The integration with the site
This project itself is precisely located at the windward edge of the campus, it is to take full advantage of the abundant trade winds which accelerate down from the hillside above. Due to the south picturesque of 14,000 foot Mauna Kea volcano this site is faced. Due southern exposure optimizes solar thermal and photovoltaic panel performance and enable many interior building views directed toward the volcano and the valley below. It is given the favorable Hawaiian climate and the building’s dramatic hillside which is setting direct connections to the outdoors is enhanced via operable glass doors. In the east the entry court is located there, a large teaching porch is opens directly to the south, and a wind sheltered court to the west sponsors and outdoor is covered classroom. The topography of the hillside is reflected in the stepped, terraced arrangement of the building’s internal spaces, where storage tanks, solar panels and other systems have been strategically located to take advantage of this change in elevation.

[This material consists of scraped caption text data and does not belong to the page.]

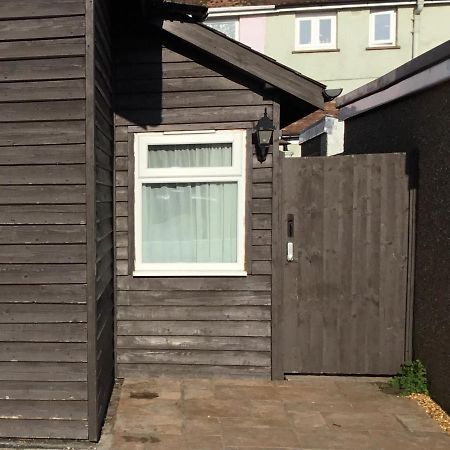In The Heart Of Chichester Apartment Exterior photo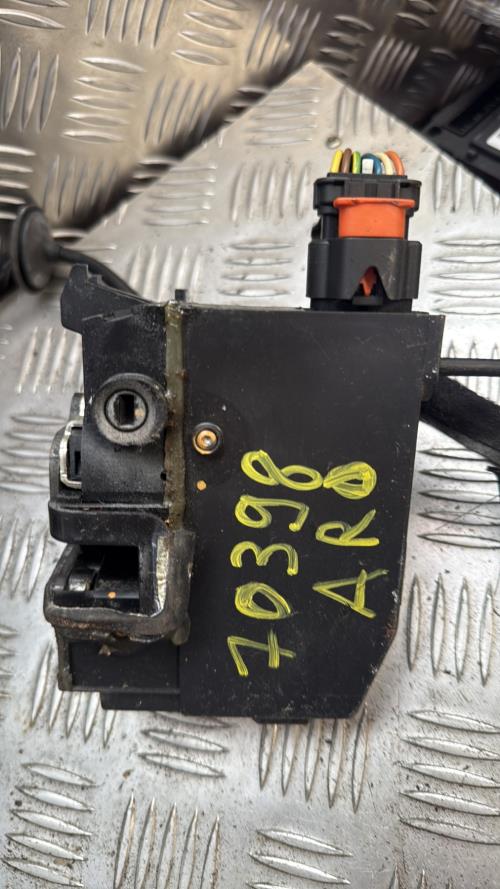 Serrure arriere droit CITROEN C4 GRAND PICASSO 2 PHASE 1 Diesel - Image 2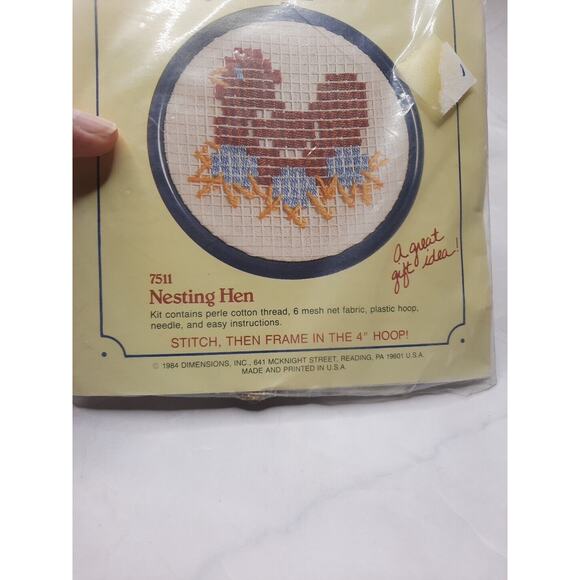 Vintage Dimensions Stitchables Learn Net Darning Kit Nesting Hen 7511 Beginner - Picture 4 of 5
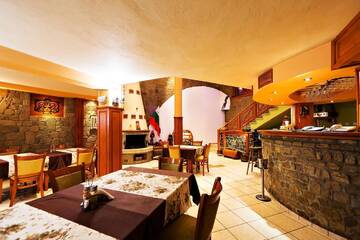 Фотографии Отель Family Hotel Ogi г. Асеновград (Болгария) №2 Фото Отель Family Hotel Ogi г. Асеновград 2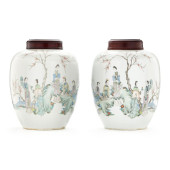 A PAIR OF CHINESE EXPORT PORCE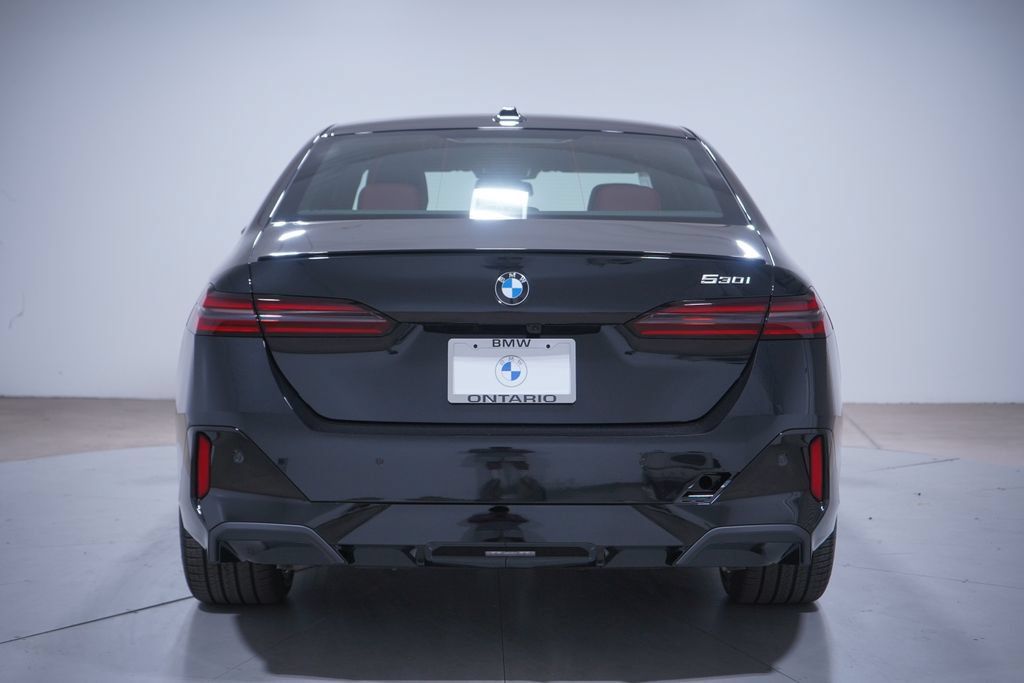 Used 2026 BMW 530i w/ M Sport Package RWD image 5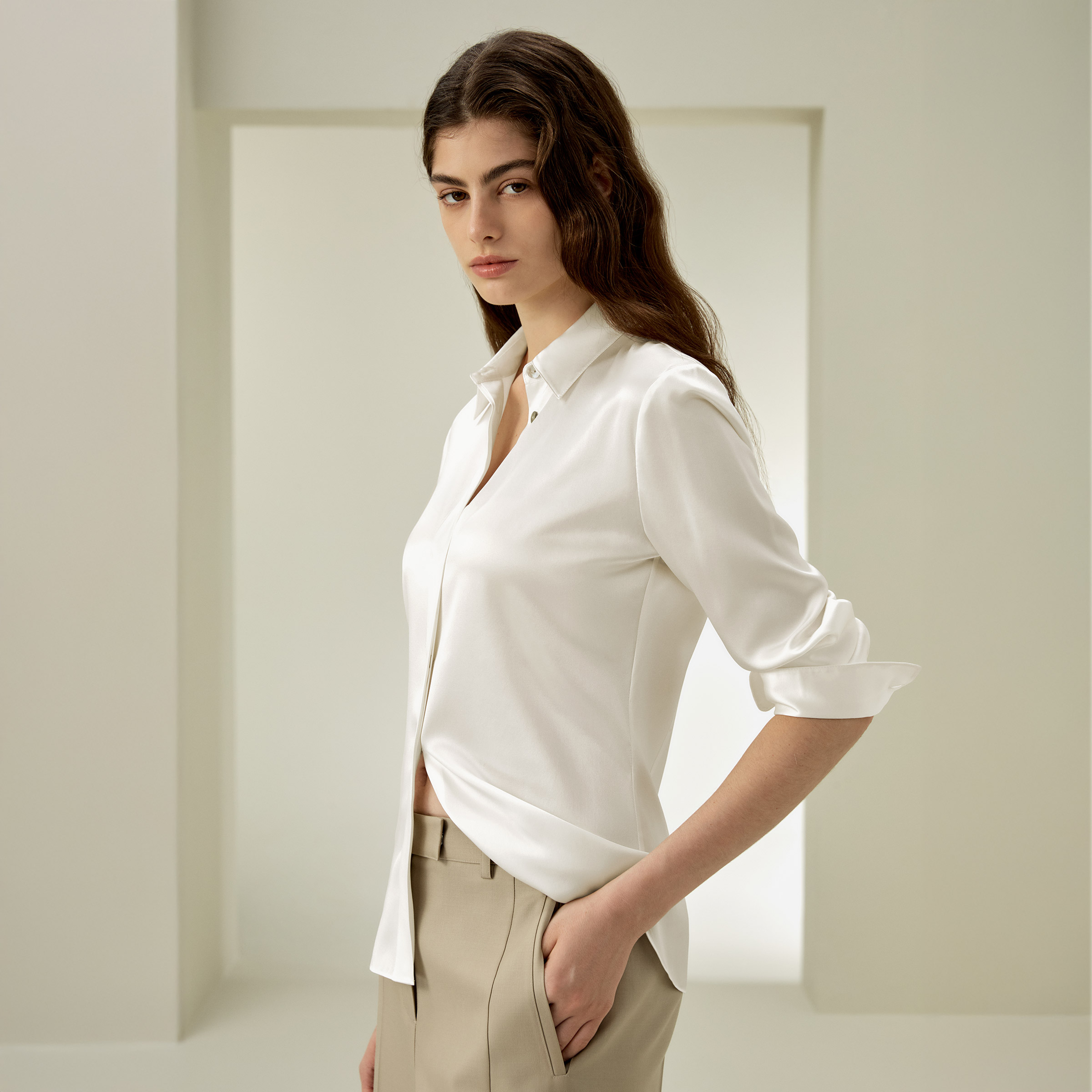 LILYSILK Chemise élégante en soie avec silhouette pour femme, chemisier classique boutonné avec coupe ajustée et manches longues pour un usage quotidien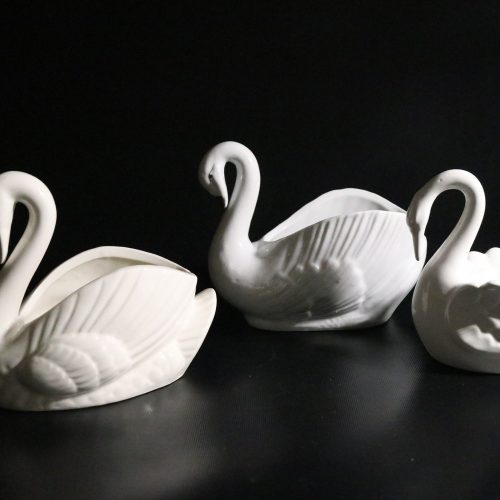 Charmigt set med tre svanformade porslinsfigurer – dekorativt och klassiskt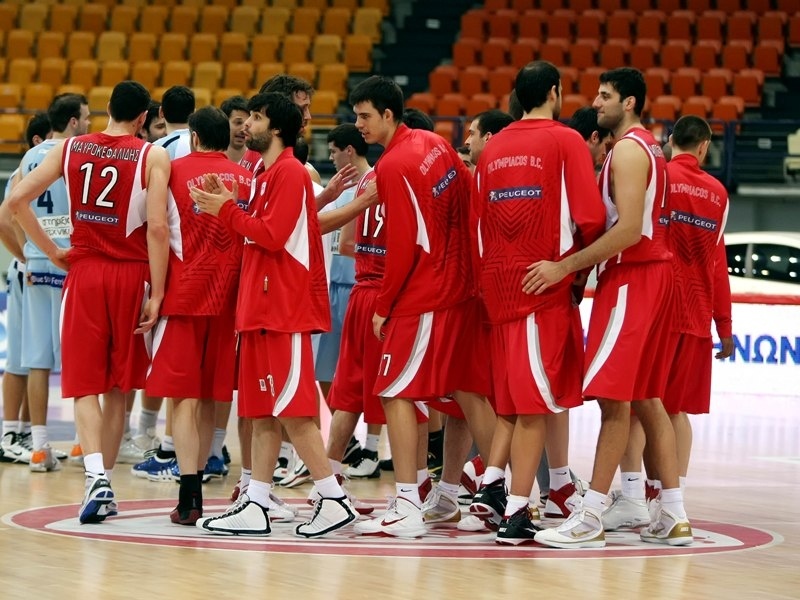 Ψάχνονται (;) για παίκτη στο λιμάνι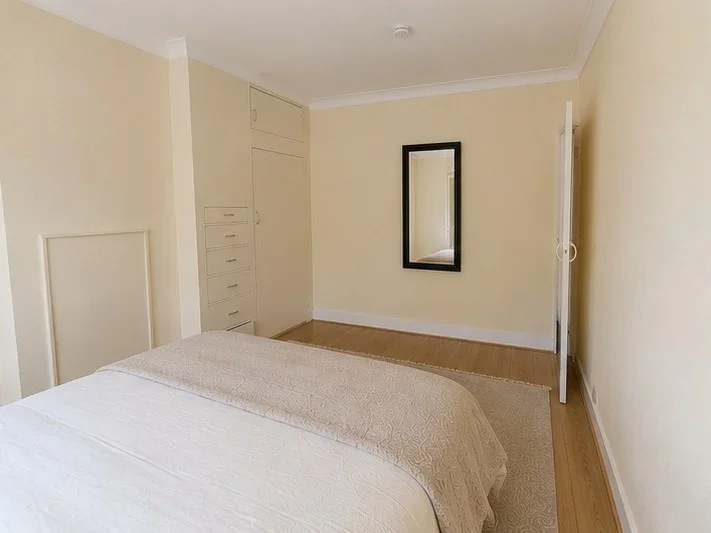 Room Hazelbrouck Gardens in Greater London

Integration with the Community
The Elab online, which is website facility, is a virtual nexus of the information. To neighboring residents of Kamuela and to the virtual community beyond, the site tracks local weather data from multiple remote stations, monitors building systems and energy use, studies water consumption and rain collection, and offers all of this valuable microclimate and building data. To take the advantage of the Hawaii’s bridge between the West Coast and Asian Mainland time zones, the Energy Lab’s conference room has been designed. Where formerly Hawaii may have suffered from the geographical isolation, Hawaii Prep students now benefit by engaging both sides of the pacific during their regular school day via video conferencing.
Building Systems MonitoringN
Which is developed to function much like the human brain, the Energy Lab is capable of regulating its breathing, cooling/heating, watering and energy generation, it is via input from over 250 sensors.
The Energy Lab self-regulates its interior climate, maintaining temperature, relative humidity, and carbon dioxide levels in all spaces at all times. Which is truly a marvel, this system optimizes building performance and is believed the reason for better than anticipated yields in performance thus far.
Visit the Flansburgh Architects website – here.